Problem statement: In the entries below, begin at the line that has "living area featuring", stop after the line that has "Slow motion Little", and output those lines exactly with no pictures.

Data records:
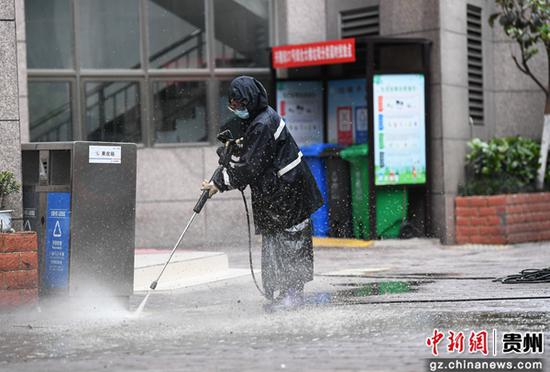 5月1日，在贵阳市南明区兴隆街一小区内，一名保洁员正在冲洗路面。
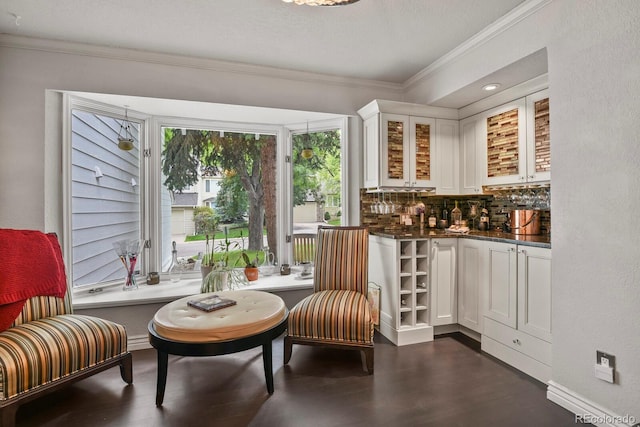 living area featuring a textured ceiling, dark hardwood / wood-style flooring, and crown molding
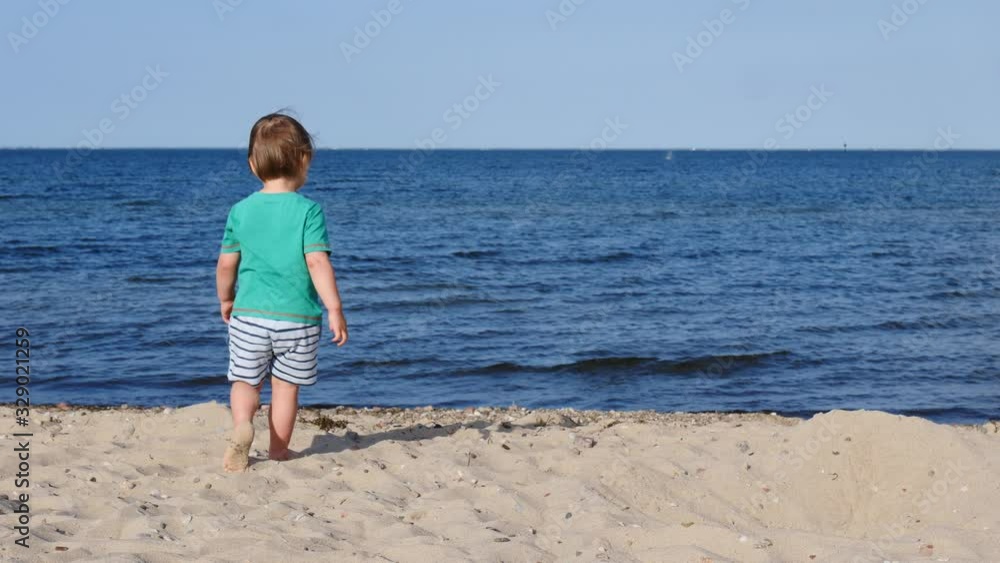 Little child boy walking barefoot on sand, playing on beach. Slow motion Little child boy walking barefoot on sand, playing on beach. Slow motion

...

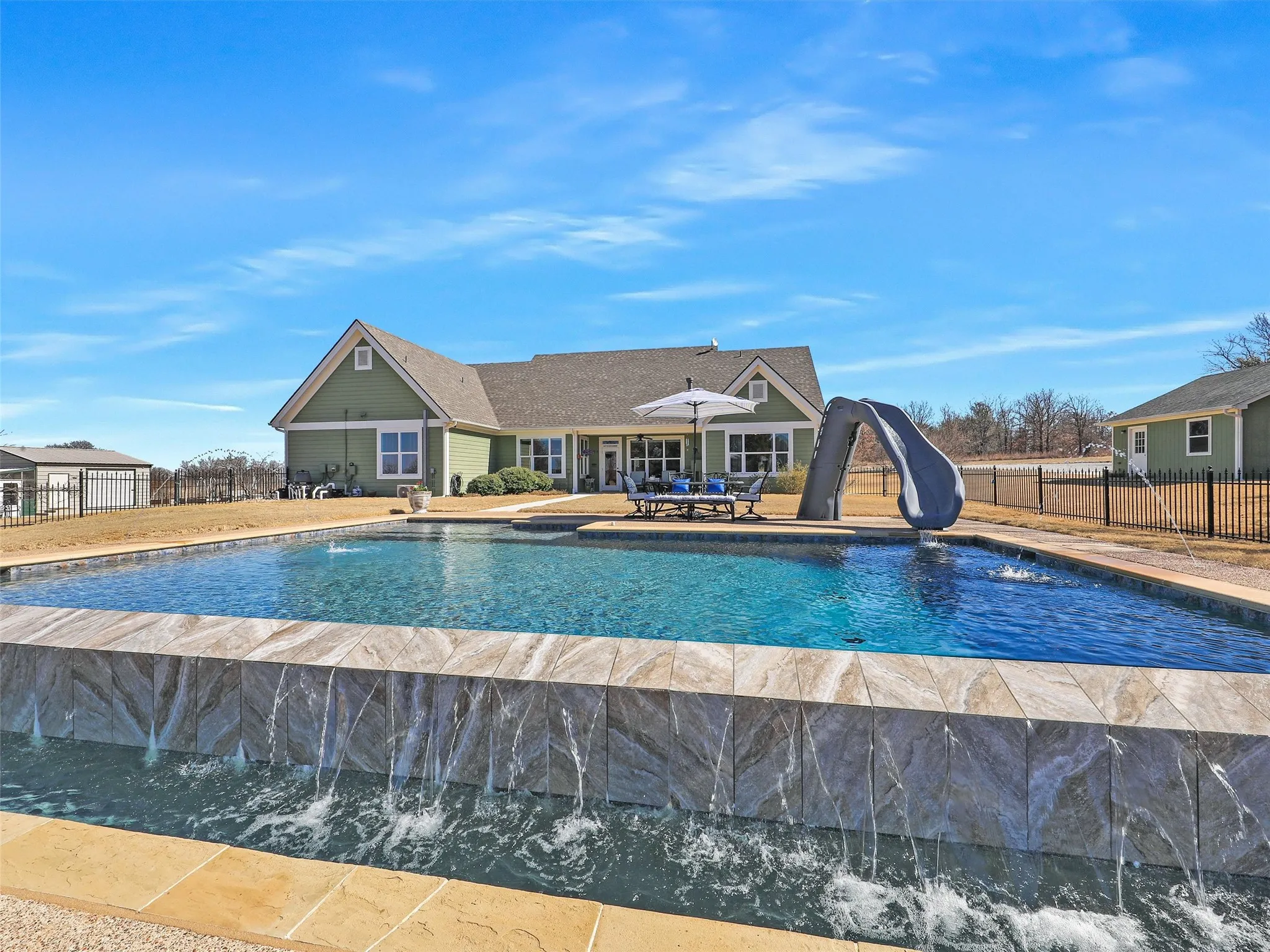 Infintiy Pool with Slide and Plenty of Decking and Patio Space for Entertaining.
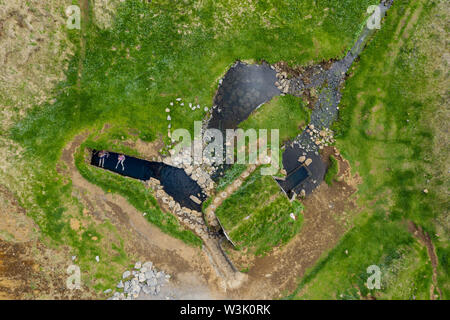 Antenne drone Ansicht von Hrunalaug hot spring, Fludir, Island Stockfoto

Response area:
 living area featuring a textured ceiling, dark hardwood / wood-style flooring, and crown molding
 Little child boy walking barefoot on sand, playing on beach. Slow motion Little child boy walking barefoot on sand, playing on beach. Slow motion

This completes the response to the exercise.